The Cabot Links golf course in Inverness is truly a success story and one we are proud to share with Canada and the world.
It is easy to see many elected officials are supportive of continued investment and tourism there. As the representative of all 50 Nova Scotia municipalities, the Nova Scotia Federation of Municipalities (NSFM) champions opportunities for municipal economic growth and prosperity and we applaud Inverness’ continued success in attracting golfers from around the world.
However, recent discussions by both the federal and provincial governments to invest in an airport in Inverness – largely in support of a private operation – cause the NSFM great concern.
Little consideration appears to have been given to the impact the rumoured $18 million investment in an airport near the Cabot Links will have on surrounding municipalities and the business community.
The Allan J. MacEachen Airport is only an hour away in Port Hawkesbury, and it is reasonable to expect it could be sent into a tailspin. Talk of scheduled flights into a new airport are worrisome for J.A. Douglas McCurdy Airport in Sydney, just a two hour drive from Cabot Links, which has worked hard and succeeded in retaining affordable scheduled service from both Westjet and Air Canada.
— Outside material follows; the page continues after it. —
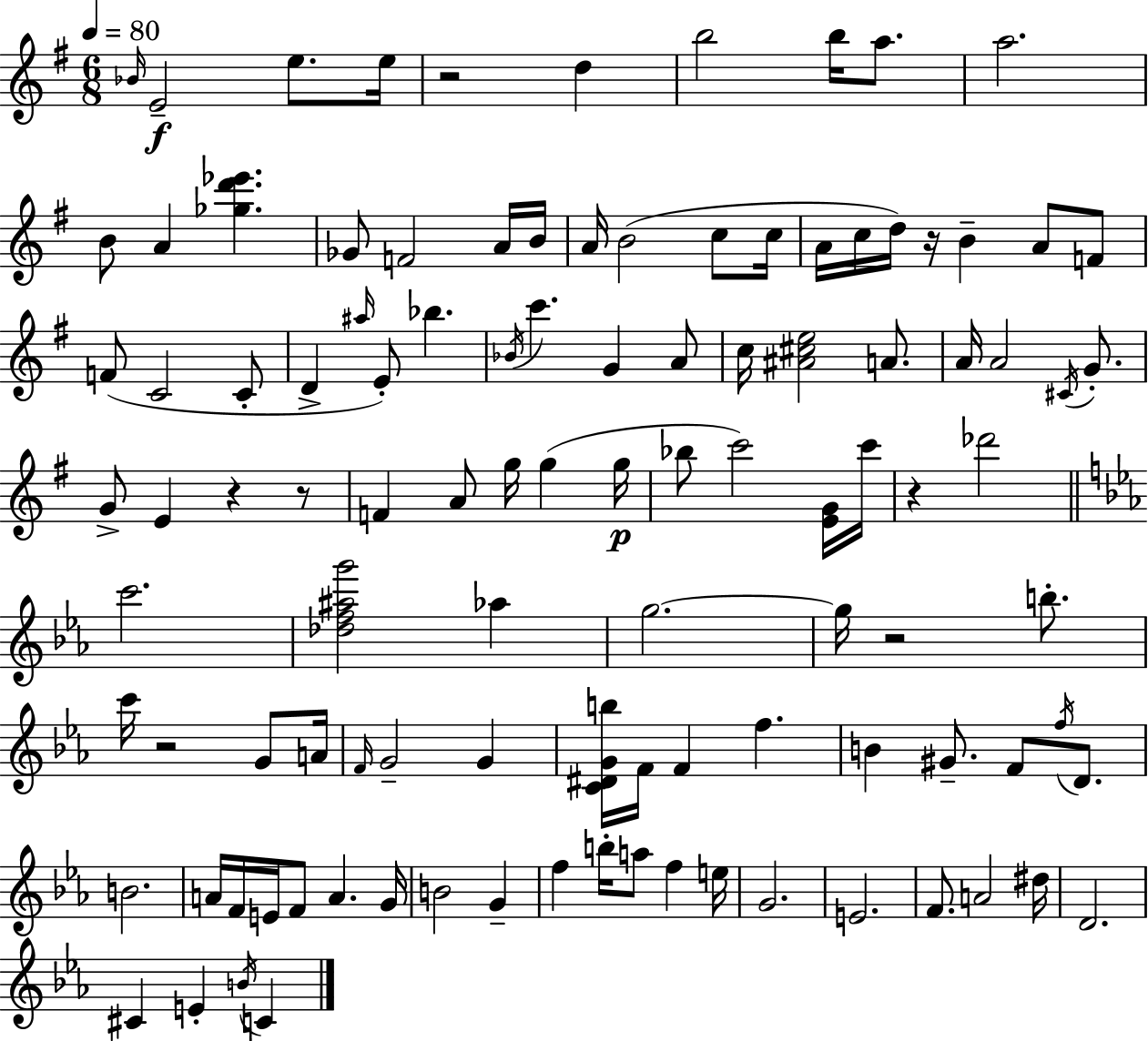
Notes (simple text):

Bb4/s E4/h E5/e. E5/s R/h D5/q B5/h B5/s A5/e. A5/h. B4/e A4/q [Gb5,D6,Eb6]/q. Gb4/e F4/h A4/s B4/s A4/s B4/h C5/e C5/s A4/s C5/s D5/s R/s B4/q A4/e F4/e F4/e C4/h C4/e D4/q A#5/s E4/e Bb5/q. Bb4/s C6/q. G4/q A4/e C5/s [A#4,C#5,E5]/h A4/e. A4/s A4/h C#4/s G4/e. G4/e E4/q R/q R/e F4/q A4/e G5/s G5/q G5/s Bb5/e C6/h [E4,G4]/s C6/s R/q Db6/h C6/h. [Db5,F5,A#5,G6]/h Ab5/q G5/h. G5/s R/h B5/e. C6/s R/h G4/e A4/s F4/s G4/h G4/q [C4,D#4,G4,B5]/s F4/s F4/q F5/q. B4/q G#4/e. F4/e F5/s D4/e. B4/h. A4/s F4/s E4/s F4/e A4/q. G4/s B4/h G4/q F5/q B5/s A5/e F5/q E5/s G4/h. E4/h. F4/e. A4/h D#5/s D4/h. C#4/q E4/q B4/s C4/q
Further concern stems from the lack of proper stakeholder consultation and the speed at which this particular project appears to be moving forward. Our member municipalities own many transportation assets, including airports. It is notable that neither the Allan J. MacEachen nor the Yarmouth Airport, enjoying over a thousand landings per year each, are able to access federal and provincial funding for infrastructure. In fact, both airports have survived and grown based on wise municipal and private sector investments.
It is our position that funding for this project should be paused and other levels of government should engage with municipalities and other stakeholders to develop and fund a provincial airport strategy.
This strategy should focus on building on current successes and ensure that investments are made fairly across the province that maximize the benefit to all residents and communities. Ultimately, a project should only be funded if it does not cause undue harm to existing assets and businesses and only if it supports the greater good.
Let’s take some time and have a conversation and make sure this process is fair to everyone in Nova Scotia.